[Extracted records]
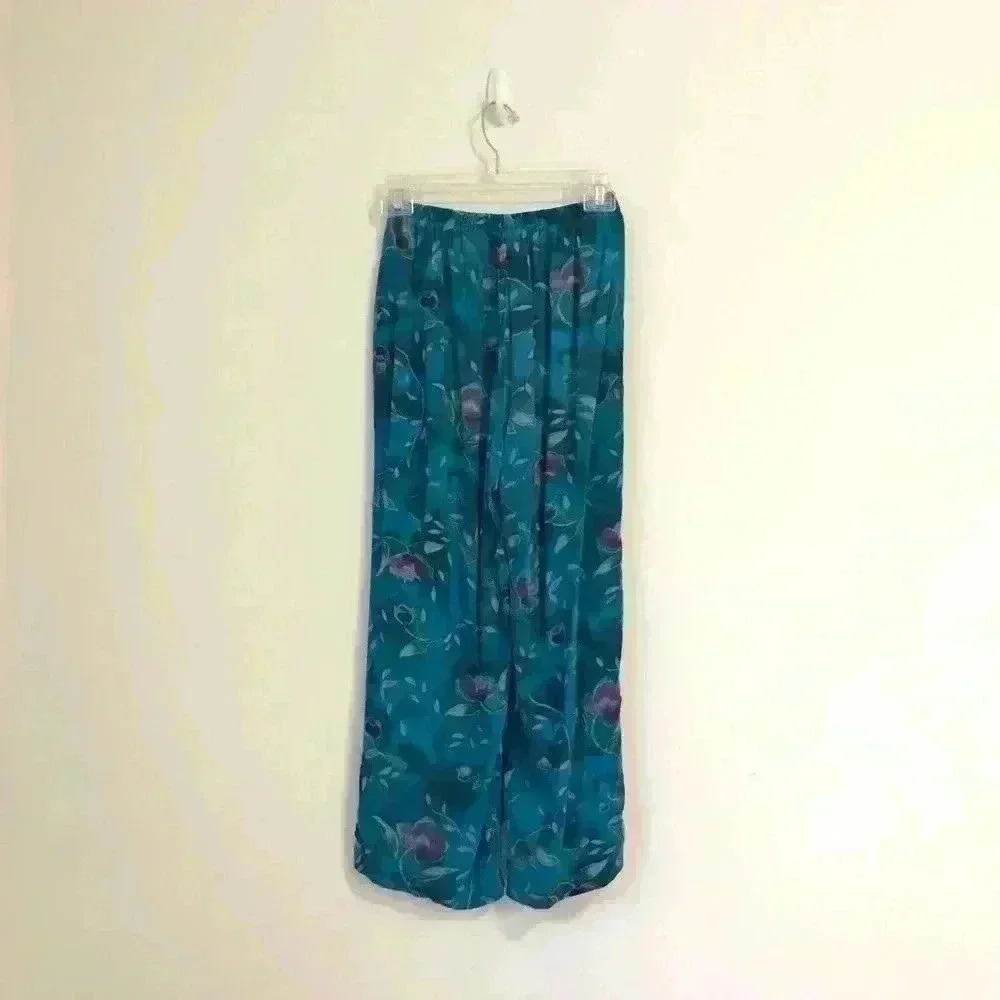 Lounge Pajama Pants Floral Green - Picture 3 of 3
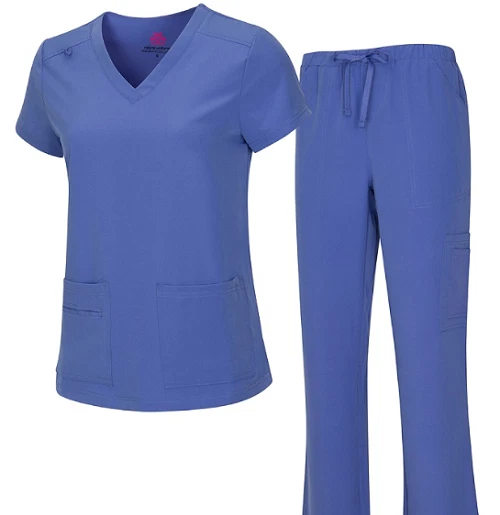 Medical Nursing Natural Uniforms Women's Cool Stretch V-Neck Top and Cargo Pant - Image 4 of 4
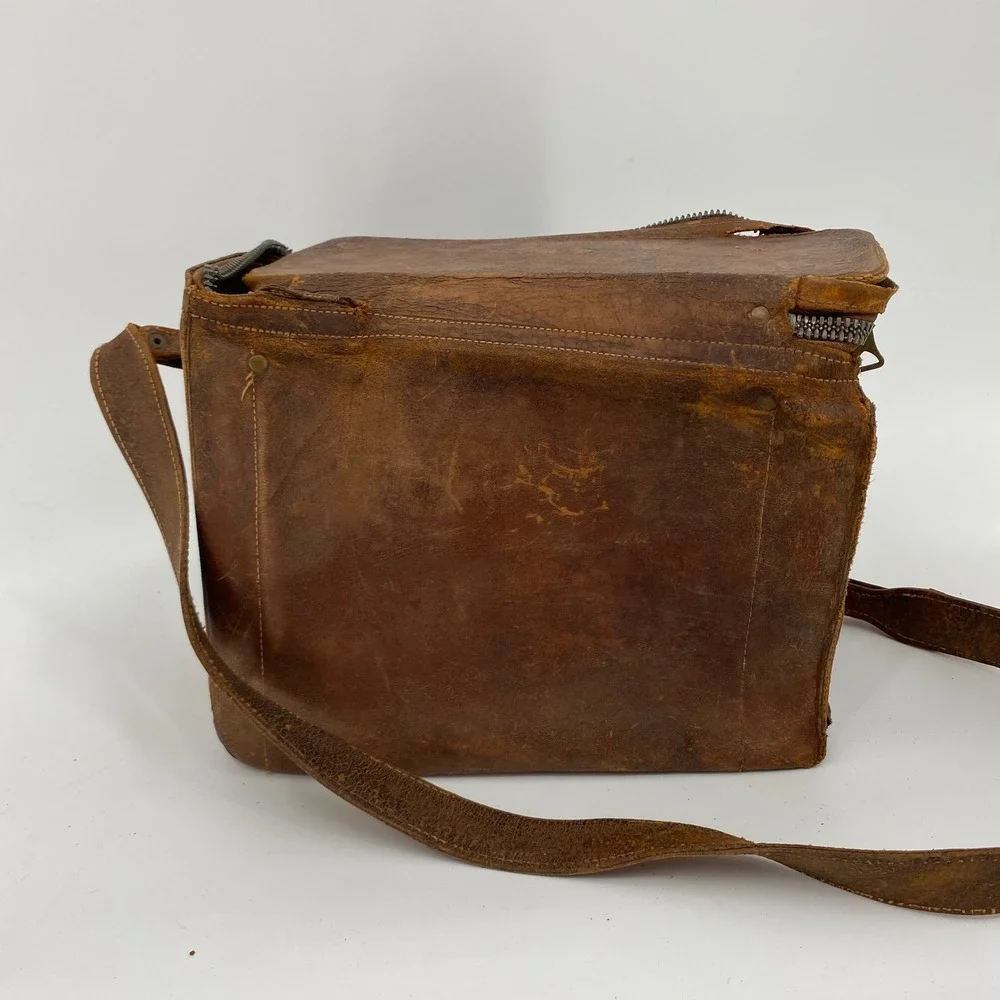 Vintage Emmet California Brown Leather Messenger Bag Distressed Cowhide USA Made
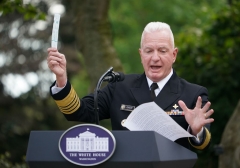 Admiral Brett Giroir, MD, Assistant Secretary For Health, United States Department of Health and Human Services holds up a testing swab as he speaks on Covid-19 testing in the Rose Garden of the White House in Washington, DC on September 28, 2020. (Photo by MANDEL NGAN/AFP via Getty Images)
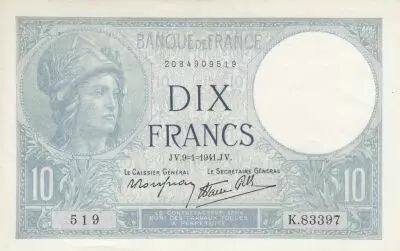 France 10 Francs - Minerve - 09-01-1941 - S�rie K.83397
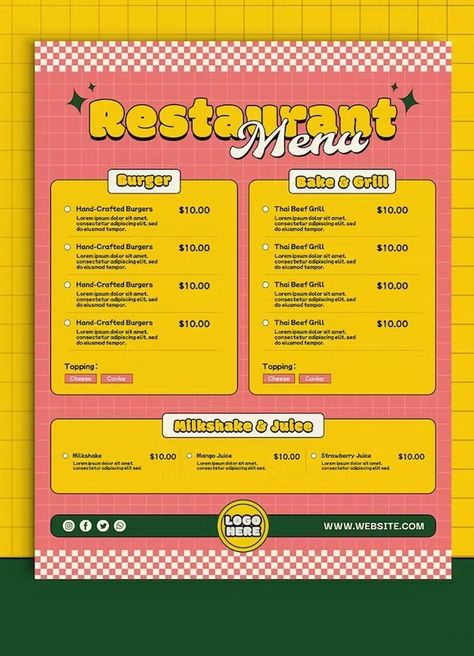 Retro Menu Design Layout, Vintage Menu Design Ideas, Pricelist Design Templates, Fun Menu Design, Retro Menu Design, Menu Ideas Design, Menu Layout Design, Food Menu Design Ideas, Menu Design Ideas Templates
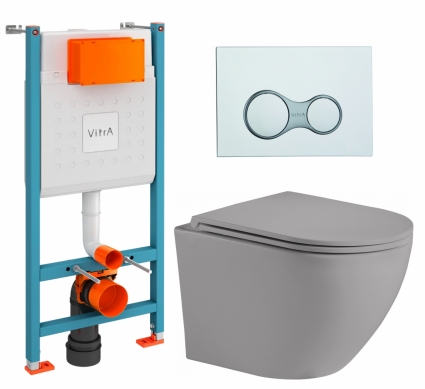 Комплект 3 в 1 инсталляция VitrA V-Fix Core + Унитаз подвесной Weltwasser WW Merzbach 043 MT-GR + кнопка хром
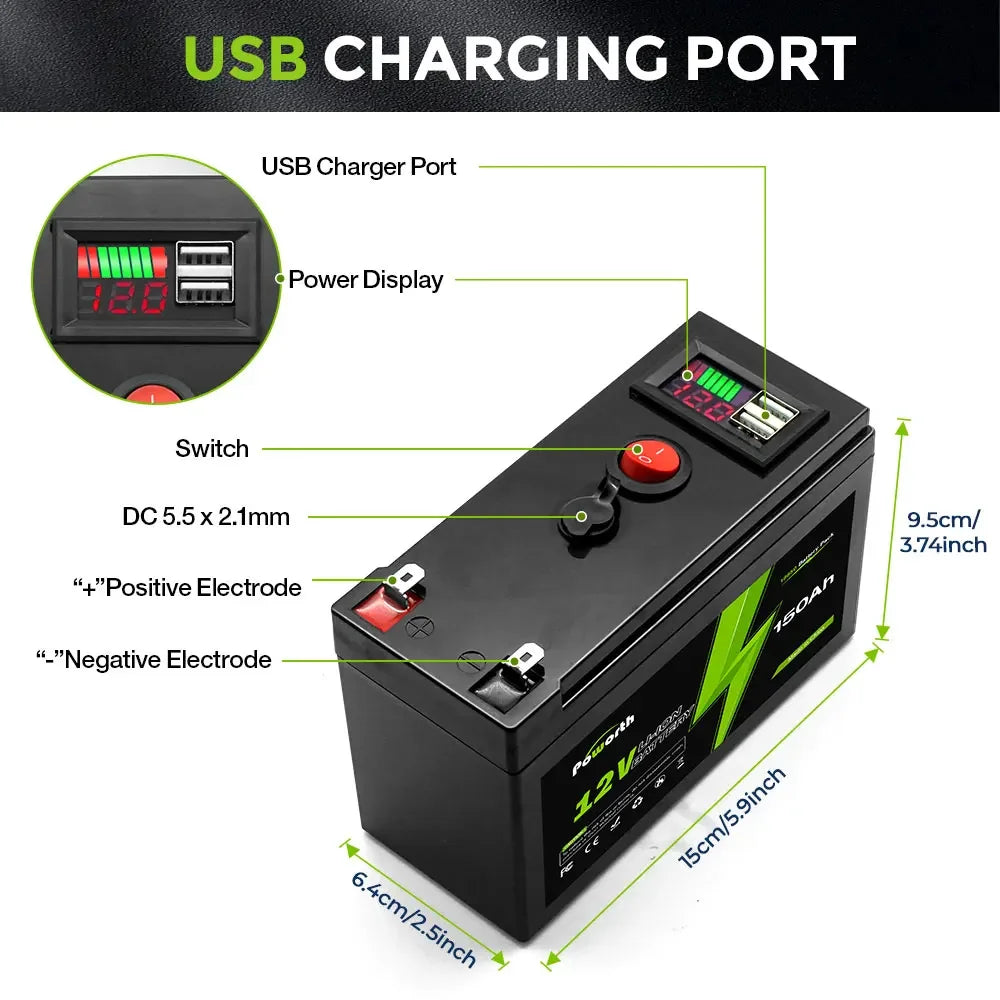 12V 150Ah Lithium Battery with BMS, 2000+ Cycles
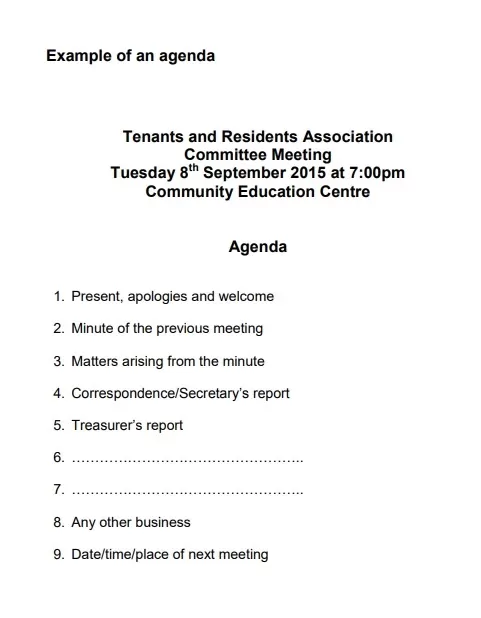 Meeting Agenda Example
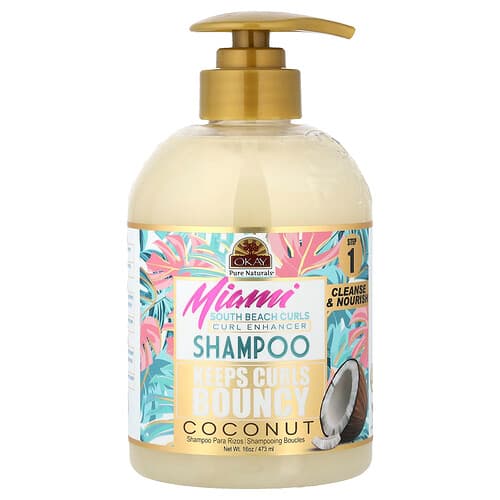 Okay Pure Naturals, Miami South Beach Curls, Curl Enhancer Shampoo, Coconut, 16 oz (473 ml)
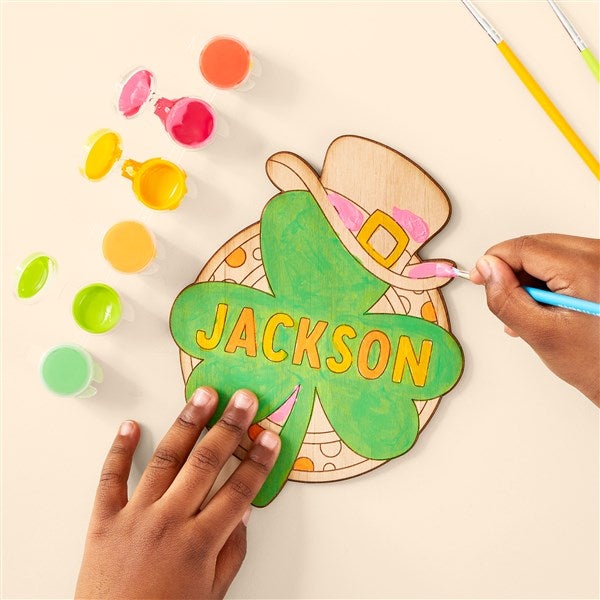 St. Patrick&#39;s Day Personalized Wooden Paintable Toy - 50527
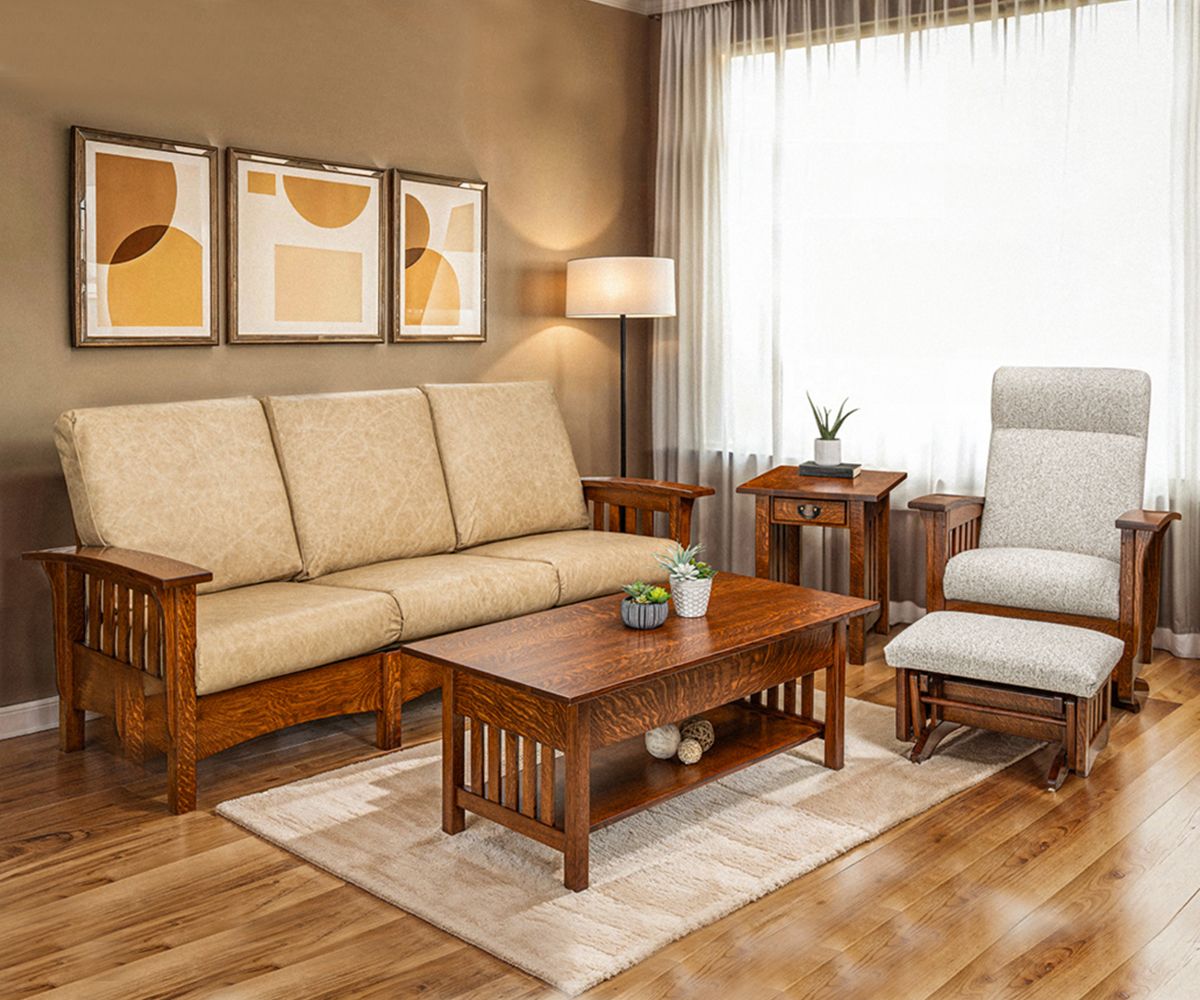 Classic Mission Swivel Glider Recliner - Image 6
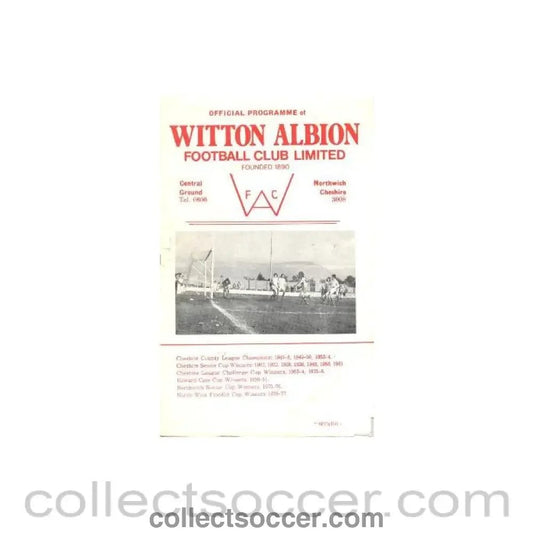 1978 - Witton Albion v Chorley official programme 11/03/1978 League - Collect Soccer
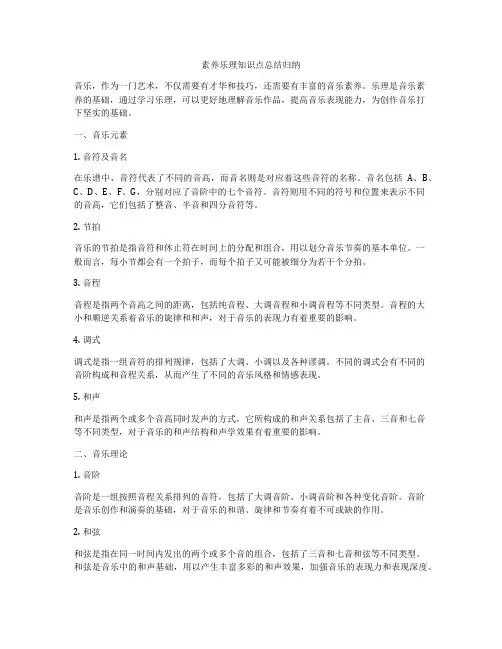 素养乐理知识点总结归纳
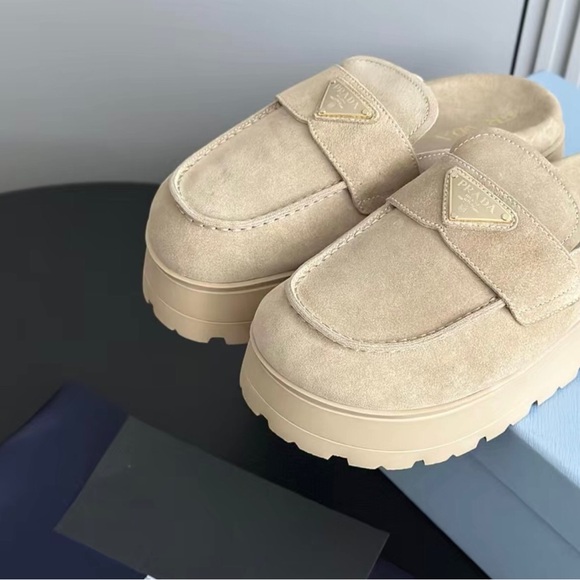 Prada Beige Suede Platform Mules - Picture 6 of 8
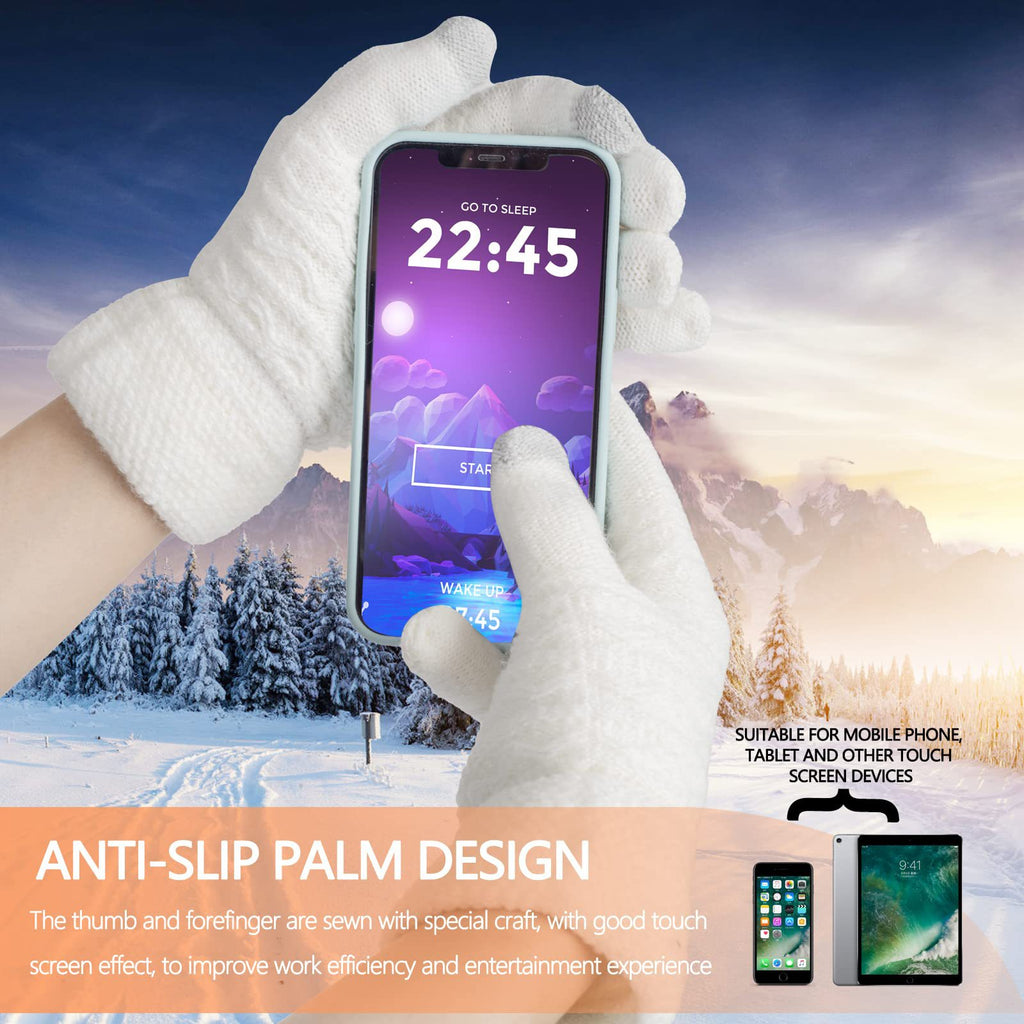 Women's Wave Patterned Double-layer Velvet Thickened Knitted Gloves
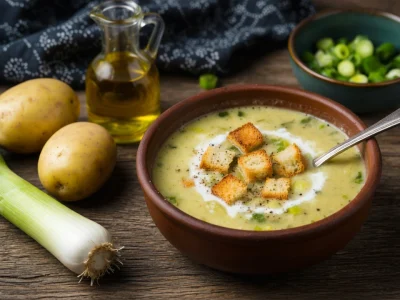 Un bol de poireau pomme de terre soupe parsemé de croûtons et accompagné de légumes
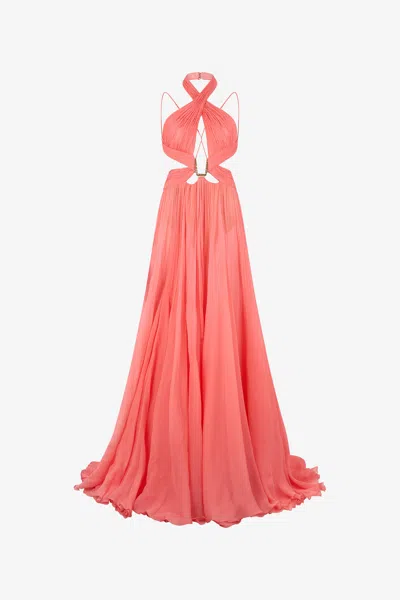 Roberto Cavalli Pleated Maxi Dress In Pink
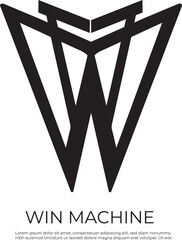 win machine logo and sticker  for your project design vector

- _Your instructions_: Images must not appear; print each record precisely as it reads.

- _Reply to the task_:
 Lounge Pajama Pants Floral Green - Picture 3 of 3
 Medical Nursing Natural Uniforms Women's Cool Stretch V-Neck Top and Cargo Pant - Image 4 of 4
 Vintage Emmet California Brown Leather Messenger Bag Distressed Cowhide USA Made
 Admiral Brett Giroir, MD, Assistant Secretary For Health, United States Department of Health and Human Services holds up a testing swab as he speaks on Covid-19 testing in the Rose Garden of the White House in Washington, DC on September 28, 2020. (Photo by MANDEL NGAN/AFP via Getty Images)
 France 10 Francs - Minerve - 09-01-1941 - S�rie K.83397
 Retro Menu Design Layout, Vintage Menu Design Ideas, Pricelist Design Templates, Fun Menu Design, Retro Menu Design, Menu Ideas Design, Menu Layout Design, Food Menu Design Ideas, Menu Design Ideas Templates
 Комплект 3 в 1 инсталляция VitrA V-Fix Core + Унитаз подвесной Weltwasser WW Merzbach 043 MT-GR + кнопка хром
 12V 150Ah Lithium Battery with BMS, 2000+ Cycles
 Meeting Agenda Example
 Okay Pure Naturals, Miami South Beach Curls, Curl Enhancer Shampoo, Coconut, 16 oz (473 ml)
 St. Patrick&#39;s Day Personalized Wooden Paintable Toy - 50527
 Classic Mission Swivel Glider Recliner - Image 6
 1978 - Witton Albion v Chorley official programme 11/03/1978 League - Collect Soccer
 素养乐理知识点总结归纳
 Prada Beige Suede Platform Mules - Picture 6 of 8
 Women's Wave Patterned Double-layer Velvet Thickened Knitted Gloves
 Un bol de poireau pomme de terre soupe parsemé de croûtons et accompagné de légumes
 Roberto Cavalli Pleated Maxi Dress In Pink
 win machine logo and sticker  for your project design vector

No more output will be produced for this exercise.